Where did you get this nonsense? China is basically the same as the Japan story with the addition of them killing at least 50 million of their own people and being totalitarian ruthless sob’s to their own citizens. LOL the art of war. They will implode from within via their corruption, suppression of freedom and their idiotic economic ideology which in the end will lead to their demise.
The same can be said for most empires, ours included.. that’s what the ‘Puritan’ thing was about… to purify their new world… meant to kill off all those deemed undesireable… the natives. How many millions were killed off? Most, like in those WW2 camps, thru disease. The herd of humanity is always subject to this situation… here in the West as the East, these imperial games are usually setup thru the propaganda on the people to ‘support the troops’… i.e. support our imperial agression as we conquer other countries…. some people don’t mind… it used to be the accepted thing, such as in Britain… proud of their empire, and like ours, we don’t like to think it will ever end… no matter how many people we have to kill, poison, torture etc…. it’s all the same… one empire after the next.
Meanwhile the SG script remains in play, “out with their OWO, in with their NWO”… this time is different only because of the cyclical return of Mother Nature… which is why 21 trillion is missing….etc… a much, much bigger ‘game’ is going on… China seems to be playing the OWO game…. they’ve reset to their past strength… this situation usually means war…. right?
Currently we have a bunch of psychos and sociopaths in govt positions… Trumpy is a perfect example, as he loves to bring in swamp monsters to run his show… the libtards are just the completion of the cycle that the contards started… as the empire goes into engineered collapse mode. China knows their history points to revolution… a real one, not the fake ones we’ve enjoyed here in the West for so long. Xi has been trying to install the old propaganda ways to prop up the Party… but the easier way is to simply drop the name and call it the govt party… following Confucian tradtions… and escape the approaching backlash.
How about us here in the West? None of that is possible… as our OWO has been engineered for collapse… out with the old, in with the new’… which is why these puppets are in office, allowed to hold sway in the OWO media etc… to out them as the problem… so their masters can crash it/them and introduce their NWO. Is Xi or Putin ready for that?

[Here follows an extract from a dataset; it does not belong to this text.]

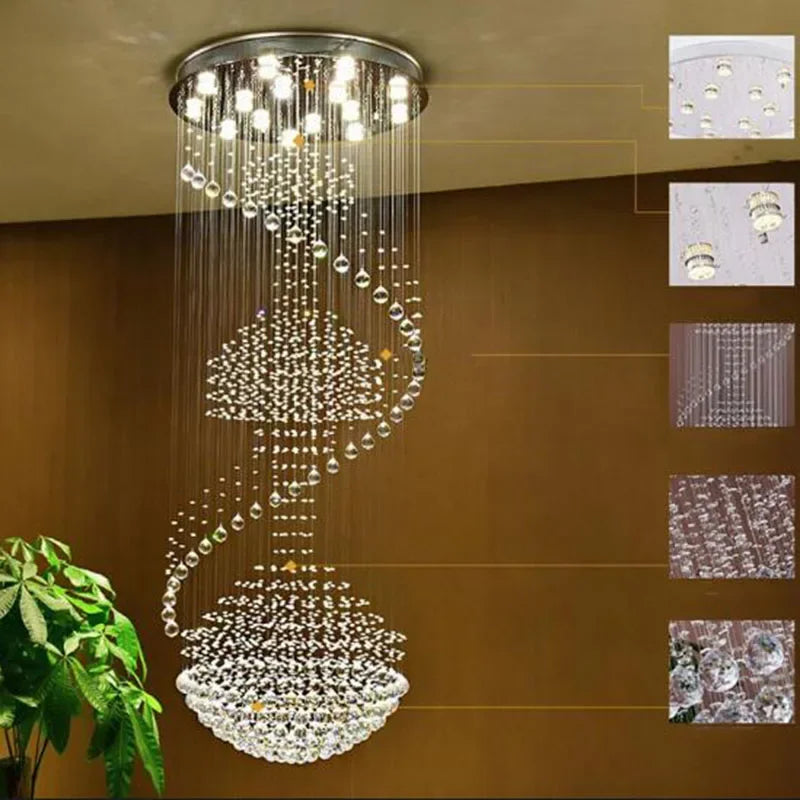 Afralia™ Modern Spiral Crystal Chandelier - Luxury Rain Drop Flush Mount Ceiling Light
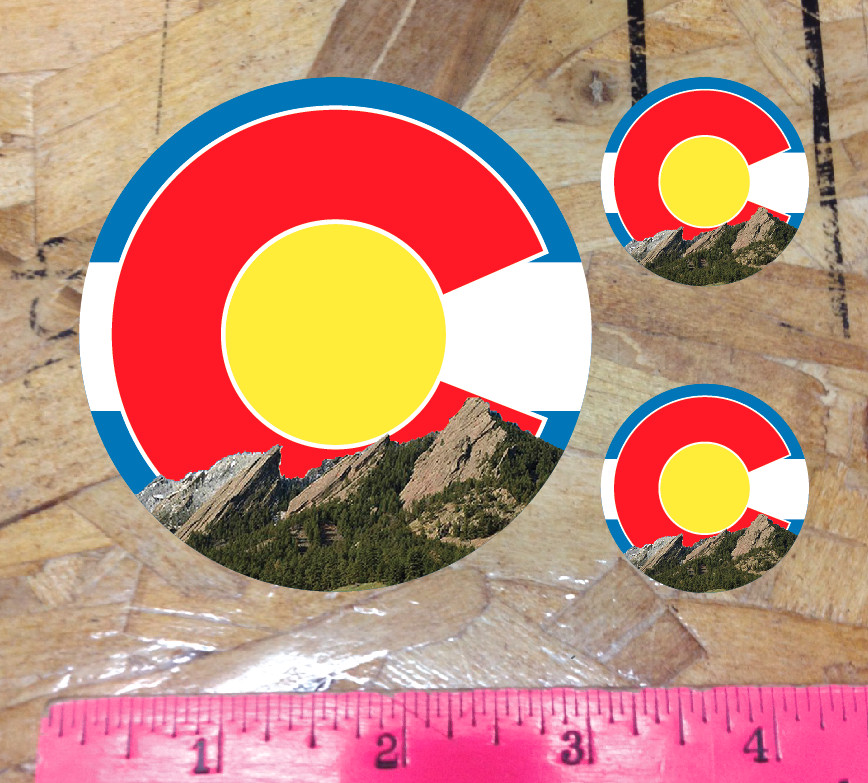 Colorado Flag Flat Irons Front Range Boulder Vinyl Decal Sticker 3.5″ – 3 for 1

The ‘deep state’ is just the foot soldiers, the grunts.. not the SG. The question is whether Xi or PUtin is aware of this game changer?
Chinese investors in the West have acted like Japan… wanting to keep their fiat cheap for better export trade.. later leading to the Yen carry trade etc… tied to our empire as they are…. The Chinese have been playing this game… and Xi needs to reign it in, same with their debt based economy and soon, or get caught in our collapsing undertow.
Great article, appreciate your insight!